En s’opposant à l’interdiction de la hiérarchie bouddhiste, Ashin Wirathu et ses fidèles prennent de l’ampleur et se placent un peu plus sur l’échiquier politique, dont le gouvernement est dirigé par Aung San Suu Kyi, la conseillère d’État et ministre birmane des Affaires étrangères. Pourtant, selon le chercheur, Wirathu « n’aurait pas d’ambitions politiques ». S’il est connu en Birmanie, il ne représente qu’une partie mineure des birmans, « qu’il est difficile à chiffrer précisément », précise-t-il. Aux législatives de novembre dernier, il avait d’ailleurs soutenu le parti des anciens militaires au pouvoir, qui a subi une lourde défaite. « Ce qu’ils sont en train de faire avec ce nouveau groupe, c’est d’essayer de défier le mouvement d’Aung San Suu Kyi, l’État et les autorités religieuses », avance le chercheur de Sciences Po.
Plus puissant qu’Aung San Suu Kyi ?
Défier les autorités et être plus populaire que la lauréate du prix Nobel de la paix en 1991 est un leimotiv de Wirathu. Lors des dernières élections générales de 2015, il avait réussi à obtenir d’Aung San Suu Kyi qu’elle ne présente aucun candidat musulman sur les listes de son parti, la Ligue Nationale pour la Démocratie (NDL). « Elle a pris en compte ses revendications donc elle s’est auto-censurée. Sa priorité reste de développer le pays et la démocratie, mais surtout de réconcilier les ethnies », indique David Camroux.
En décidant de céder à cette injonction du mouvement extrémiste, l’image de l’icône de la démocratie et de la non-violence a été affectée. Les Nations Unies ont évoqué des crimes contre l’humanité. On reproche aussi à Aung San Suu Kyi de ne pas avoir parlé des musulmans dans la campagne. Pourtant, plus de 70 000 musulmans ont été chassés rien que sur ces six derniers mois. Son gouvernement a même bloqué l’arrivée des aides humanitaires dans des régions. « Elle reste très populaire auprès de la société, mais si les résultats de son gouvernement sont mauvais, ils pourraient se tourner vers quelqu’un comme Wirathu », souligne le spécialiste.
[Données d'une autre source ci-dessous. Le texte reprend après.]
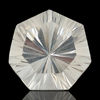 1 Pieces Natural Crystal Quartz Faceted 3D Cut Heptagon Shape | Size:19mm - The LabradoriteKing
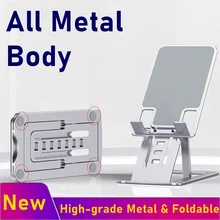 Tongdaytech Universal Phone Holder For Iphone 12 11 X Pro Max Metal Foldable Phone Stand Soporte Movil Support Smartphone Tablet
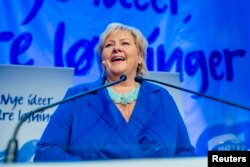 Erna Solberg.
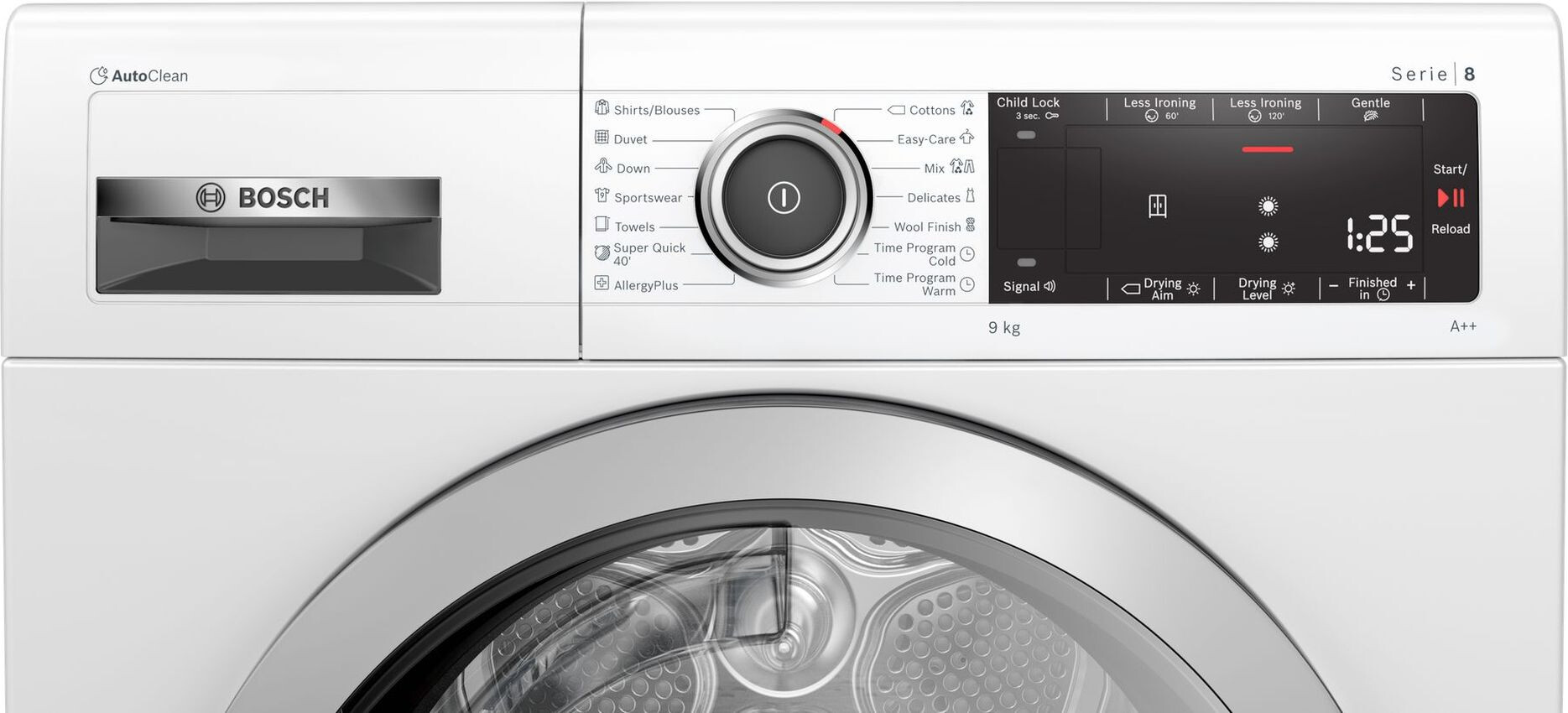 Сушильная машина Bosch WTX87M90ME / 9 кг / A+++ / Белый photo 5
En tant que conseillère d’État et ministre birmane des Affaires étrangères, la dirigeante est confrontée à « des contraintes », ajoute-t-il, qui font la force de l’ancien Ma Ba Tha. Elle n’a en effet pas le statut de « présidente ». « L’armée a toujours un droit de véto et détient les postes clés comme le ministère de la Défense et le ministère de l’Intérieur. Elle n’a aucune emprise sur tout ça, l’armée peut faire ce qu’elle veut dans ces régions. »
Si une partie de l’armée est contre elle, une autre verrait d’un regard plus favorable le mouvement d’Ashin Wirathu. « On peut légitimement penser qu’il bénéficie de la protection et du soutien de militaires qui ont mal vécu la démocratisation du pays et qui ne souhaitent pas la réussite d’Aung San Suu Kyi », avance David Camroux.
Intouchable
Wirathu semble donc pour l’instant intouchable. Et si le film de Barbet Schroeder permet d’alerter les pays occidentaux sur la dérive islamophobe du pays, le fondateur de Ma Ba Tha pourrait en tirer parti en interne. « Le film de Schroeder lui donne de la crédibilité et de l’importance. Il pourra dire à toute la population : « Vous voyez, les méchants occidentaux me détestent donc je suis votre meilleur défenseur », analyse le chercheur de Sciences Po. Le Vénérable W n’a pas encore battu en retraite.